We have to admit, from past experience we didn't much from an MSI BIOS on board like this, but we were pleasantly surprised. The BIOS is as comprehensive as those from more expensive boards, featuring the same BIOS profile and M-Flash update utilities that are both very useful, as well as MSI's Memory-Z and CPU Spec F-button additions if needed.
The Cell Menu is fully featured and largely intuitive to use where actual real-time changes to the clock speeds can be seen as the multiplier and HT clocks are adjusted. These are really needed for AMD systems as adjusting the HT clock changes not only the CPU directly, but CPU-NB, memory and HT clock as well - all of which need to be counter adjusted as the CPU is overclocked.
The voltage coverage is very good and we have no complaints about the level of voltage adjustment finesse. Obviously don't consider the board if you're extreme cooling, or even watercooling, but given the cost of both versus the board it makes no sense in a balanced system. For air cooling the voltage options are more than adequate and enough to push our AMD processors hard.
While the memory options are AMD specific because they are CPU controlled, it was most surprising the amount of adjustments MSI has enabled access for. Not only do you have the usual extended timings, but also more elaborate memory options such as drive strengths. If you're into spending a lot of time optimising your AMD memory bandwidth, this is certainly an avenue to investigate, although admittedly beyond what most people will ever use.
The MSI has the advantage over 785G boards in these areas but still lacks a very crucial feature: core unlocking. The board features ACC support and the SB710 southbridge so the facility is there to be taken advantage of. Hopefully a future BIOS update will enable it but don't hold your breath because no MSI board to date currently supports this.

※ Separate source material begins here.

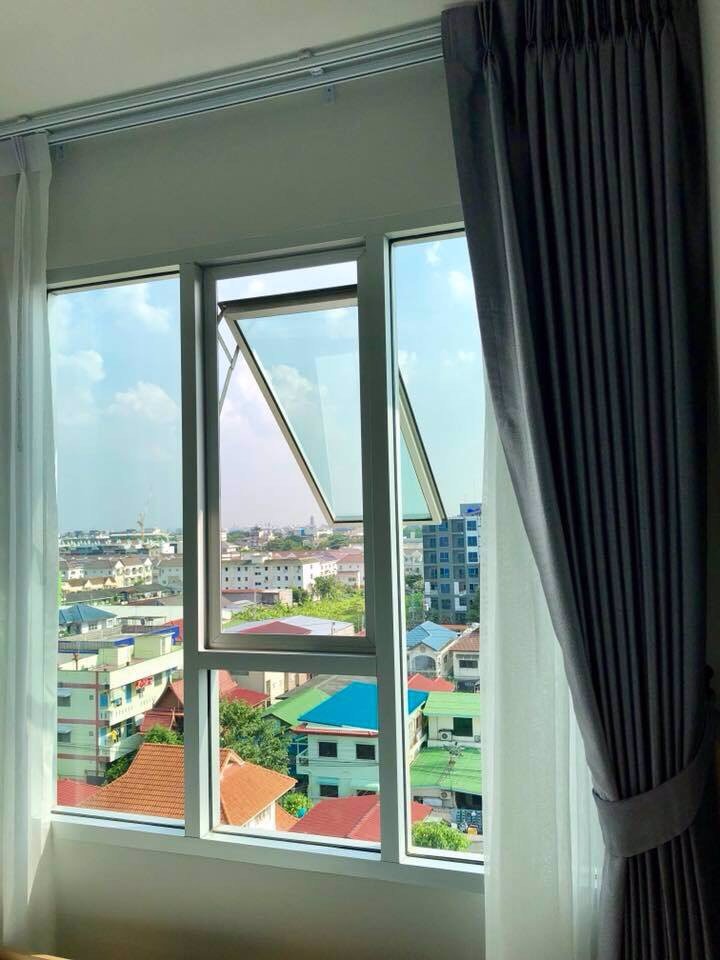 ยู-3-คอน-โด-เช่า-ชั้น-4-ห้องฝั่งถนน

With the exception of SiSoft Sandra and Lavalys Everest, all of our benchmarks have been engineered to give you numbers that you are likely to find useful when actually using the products we have evaluated in the real world.
We are also focusing a lot more of our time on evaluating the stability of the motherboards (and platforms) using a stress test designed to highlight any of the potential weaknesses that the product may have. That involves a gradually increasing amount of stress starting with Prime95 torture test on all cores and expanding to a looping 3DMark06. This is to ensure that all parts of the system are stressed simultaneously over a period of time.
We believe that the consumer is never likely to subject their platform to this level of stress and we are not expecting every product to complete an entire extended stress test. However, most poorly engineered products fail within the first couple of hours, or even minutes, allowing us to make a conscious decision on whether a motherboard (or platform) is worth your money, regardless of how well it performs in our benchmarks.
- MSI 770-C45 (AMD 770X/SB710 1.3 BIOS)
- Asus M4A785TD-V Evo (AMD 785G/SB710 0211 BIOS)
- AMD Phenom II X3 720 Black Edition (3x2.8GHz)
- 4GB Corsair XMS3 PC12800 CL9
- Asus Radeon HD 4350 and Zotac GeForce GTX 260 AMP! for gaming tests
- PC Power and Cooling Silencer 750W PSU
- Seagate 7200.11 1TB SATA hard drive
- Windows Vista Home Premium 64-bit SP1
- ATI Catalyst 9.7 WHQL
- MSI 770-C45 (AMD 770X/SB710): 3x3.5GHz (15.5 x 225MHz HT), 2.2GHz NB, 1,500MHz DDR3 at 8-8-8-24-1T,
- Asus M4A785TD-V Evo (AMD 785G/SB710): 3x3.5GHz (15.5 x 225MHz HT), 2.25GHz NB, 1,525MHz DDR3 at 8-8-8-24-1T.